AfD report by the Federal Office for the Protection of the Constitution: This is how the Federal Office came to the classification

The Federal Office for the Protection of the Constitution has classified the AfD as "certainly right-wing extremist." The report has now been leaked.

AfD co-chair Alice Weidel is quoted several times in the Federal Office for the Protection of the Constitution report. John Mac Dougall/AFP

The Federal Office for the Protection of the Constitution will no longer publicly describe the AfD as a confirmed right-wing extremist movement until a court decision is reached in expedited proceedings. The domestic intelligence agency issued a so-called standstill pledge in the legal dispute with the party, as was announced on Thursday.

Last week, the authority classified the AfD as "confirmedly right-wing extremist." This assessment is based on an approximately 1,100-page report. The document was previously classified.
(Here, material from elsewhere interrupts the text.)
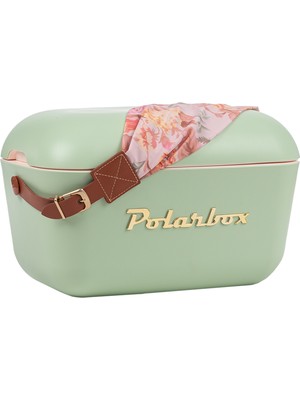 Prinkstyle Flower Classic Deri Kayışlı Olive Green Gold Edition Soğuk ve Sıcak Tutucu Thermo Çanta 12 Lt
Now the platform Ask the State has published an excerpt , and Der Spiegel has obtained access to the complete report . The report contains incriminating statements from a total of 353 AfD members from all levels of the party—from the district level to the party leadership.

The collected quotes, statements, and publications are intended to demonstrate that the AfD is increasingly opposing the free democratic order and that "moderation" is "not in sight." The authority has a "strong suspicion" that the AfD is also opposing the "principle of democracy." Its officials "continually and indiscriminately" defame representatives of other parties, disparaging them as "a community of political gangsters" or "traitors to the people."

The incriminating statements are assigned to four central categories: ethnic-origin statements and positions, xenophobia, Islamophobia, and the principle of democracy.

AfD co-chair Alice Weidel appears several times in the report. Particular emphasis is placed on an interview she gave to Compact TV in July 2023. In it, she commented on the unrest in France and drew a connection between migration and violence: "Of course, this is possible here because it has fostered parallel societies when they simply have too much influx of people from a culturally alien context, from cultures prone to violence, such as knife crime."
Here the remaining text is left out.